## [Supplied records]
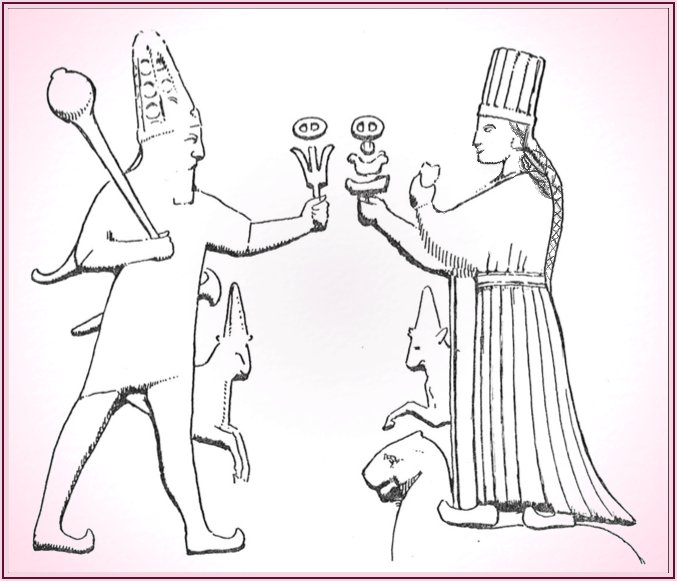 Hittite Pair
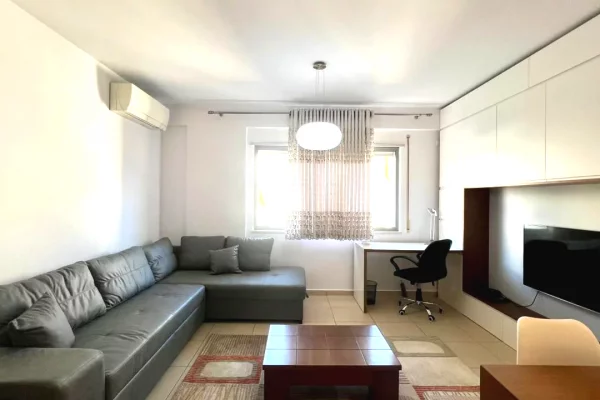 Apartment for rent in Tirana 1+1, Furnished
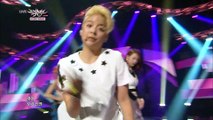 에프엑스_ 첫 사랑니 (Rum Pum Pum Pum)  _KBS MUSIC BANK_2013.08.02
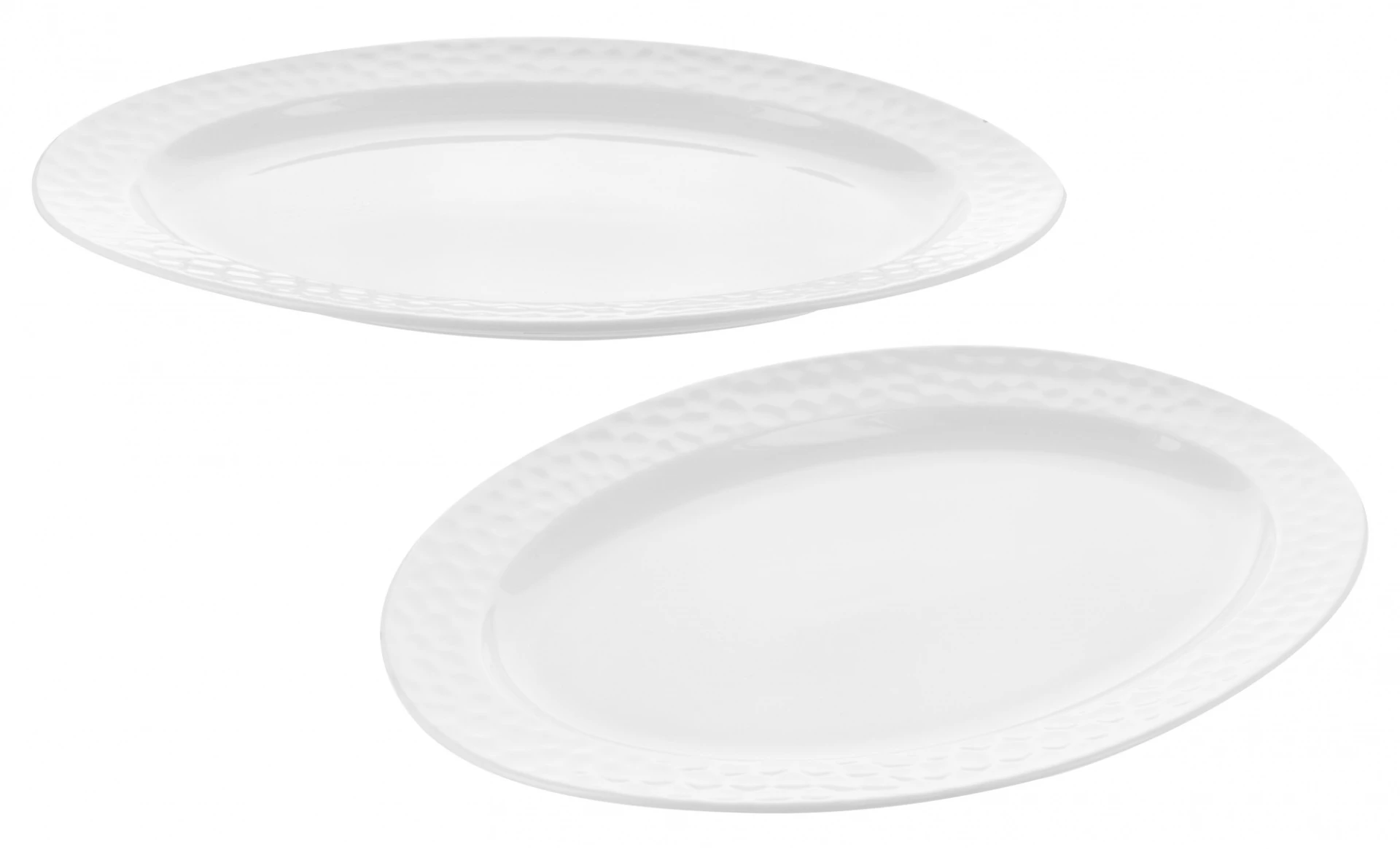 Plato oval 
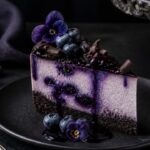 Gothic Blueberry Cheesecake Recipe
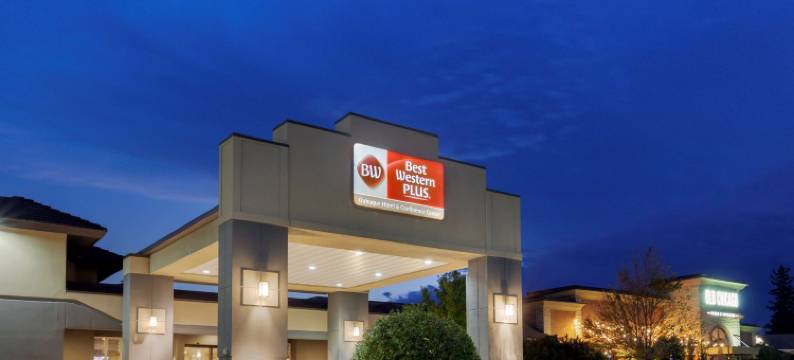 迪比克贝斯特韦斯特优质酒店暨会议中心(Best Western Plus Dubuque Hotel  Conference Center)图片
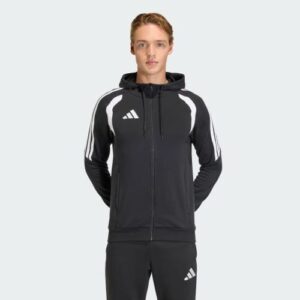 Adidas KF3321_195 sportinis megztinis arba džemperis su gobtuvu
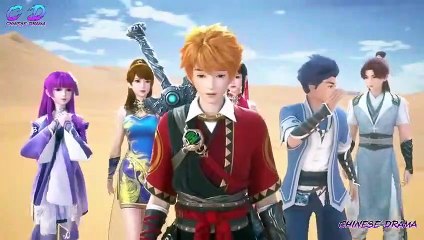 Tales Of Demons And Gods S7 Ep 301 Eng Sub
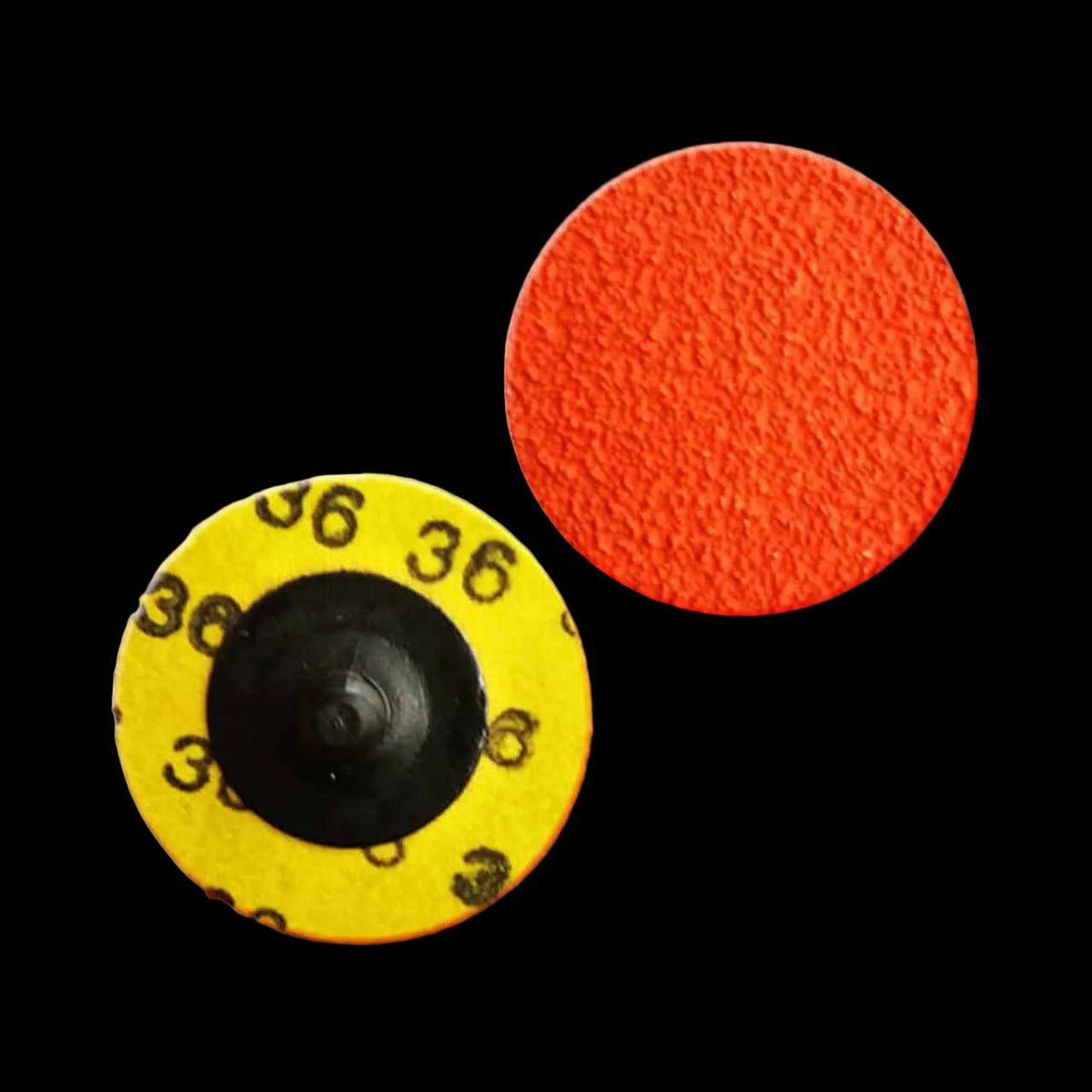 2" 36 Grit R980P Blaze Plus Ceramic Roloc Disc 25/Box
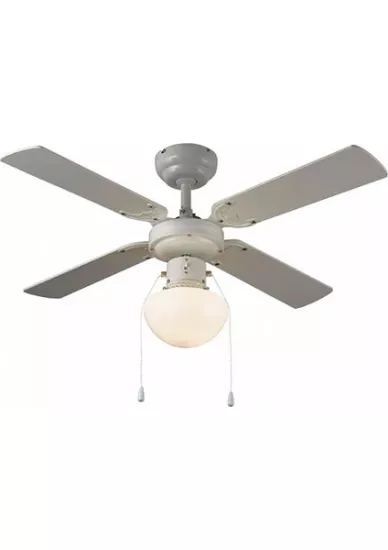Colours Eko Beyaz Tavan Vantilatörü 92 cm 4 Kanatlı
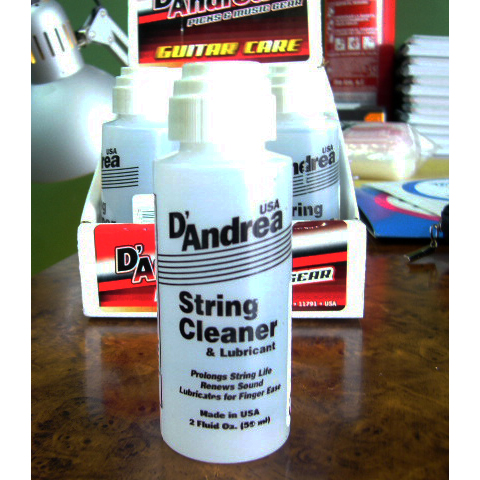 LIMPIADOR CUERDAS - .ANDREA DAS2/12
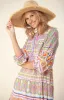 Elspeth Voile Dress sold by Hale Bob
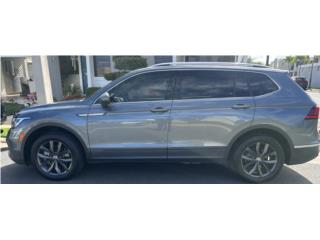 Volkswagen Puerto Rico Venta Por �nico Due�o- Tiguan SE 2022 4motion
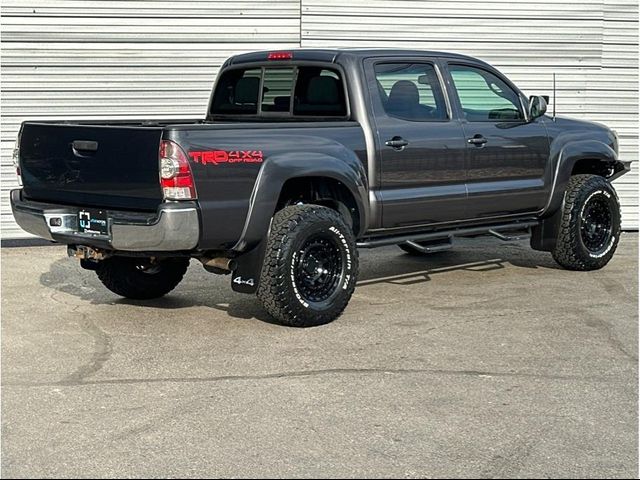 2013 Toyota Tacoma Base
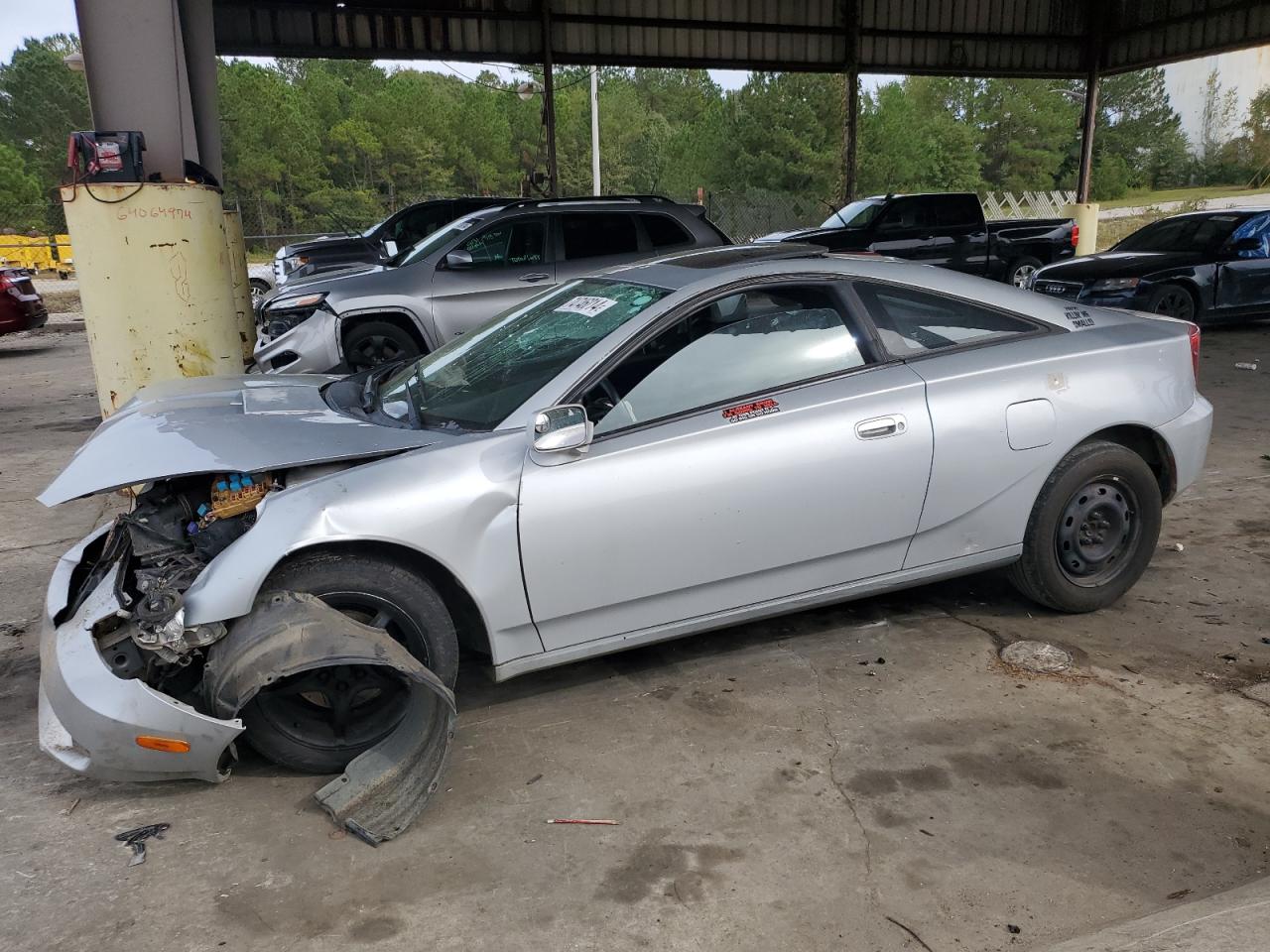 2003 Toyota Celica Gt-S for Sale in Gaston, SC - Front End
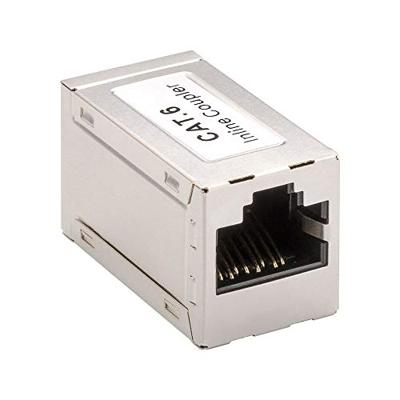 NET Modulair koppelstuk - CAT6 - LC - RJ45 - Keystone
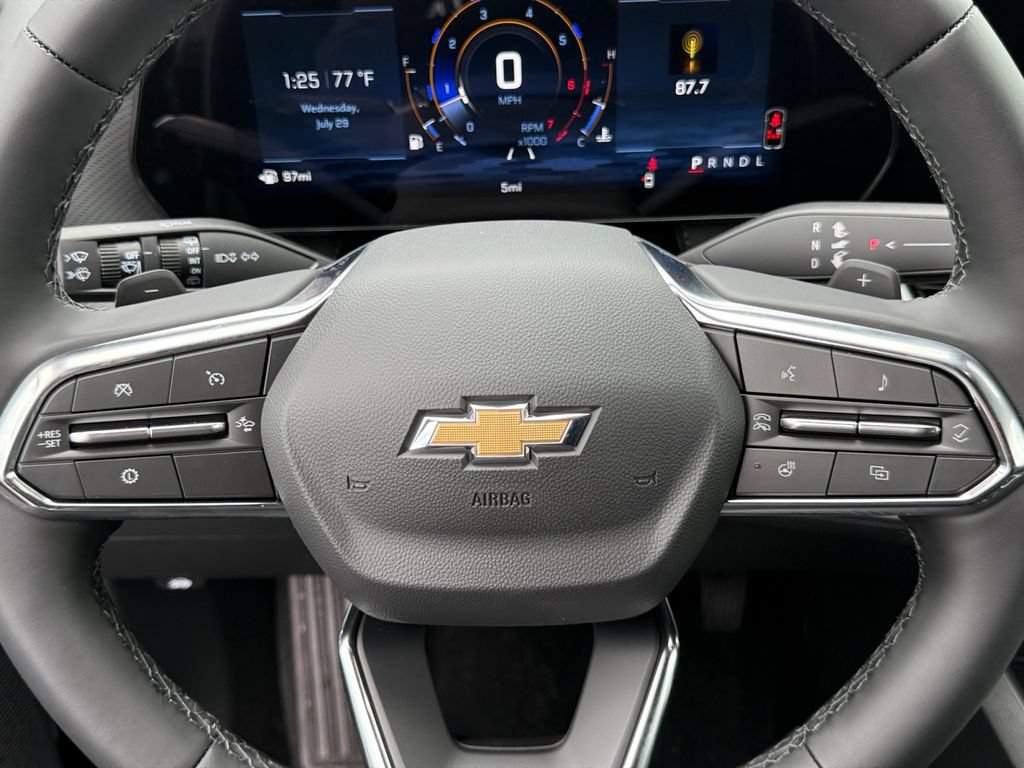 New 2027 Chevrolet Equinox LT FWD image 20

## [Your task]
Copy exactly the lines from the line that contains "迪比克贝斯特韦斯特优质酒店暨会议中心(Best Western Plus" through the last line of the records above, both ends included, but leave out the pictures.

## [Solution to this exercise]
 迪比克贝斯特韦斯特优质酒店暨会议中心(Best Western Plus Dubuque Hotel  Conference Center)图片
 Adidas KF3321_195 sportinis megztinis arba džemperis su gobtuvu
 Tales Of Demons And Gods S7 Ep 301 Eng Sub
 2" 36 Grit R980P Blaze Plus Ceramic Roloc Disc 25/Box
Colours Eko Beyaz Tavan Vantilatörü 92 cm 4 Kanatlı
 LIMPIADOR CUERDAS - .ANDREA DAS2/12
 Elspeth Voile Dress sold by Hale Bob
 Volkswagen Puerto Rico Venta Por �nico Due�o- Tiguan SE 2022 4motion
 2013 Toyota Tacoma Base
 2003 Toyota Celica Gt-S for Sale in Gaston, SC - Front End
 NET Modulair koppelstuk - CAT6 - LC - RJ45 - Keystone
 New 2027 Chevrolet Equinox LT FWD image 20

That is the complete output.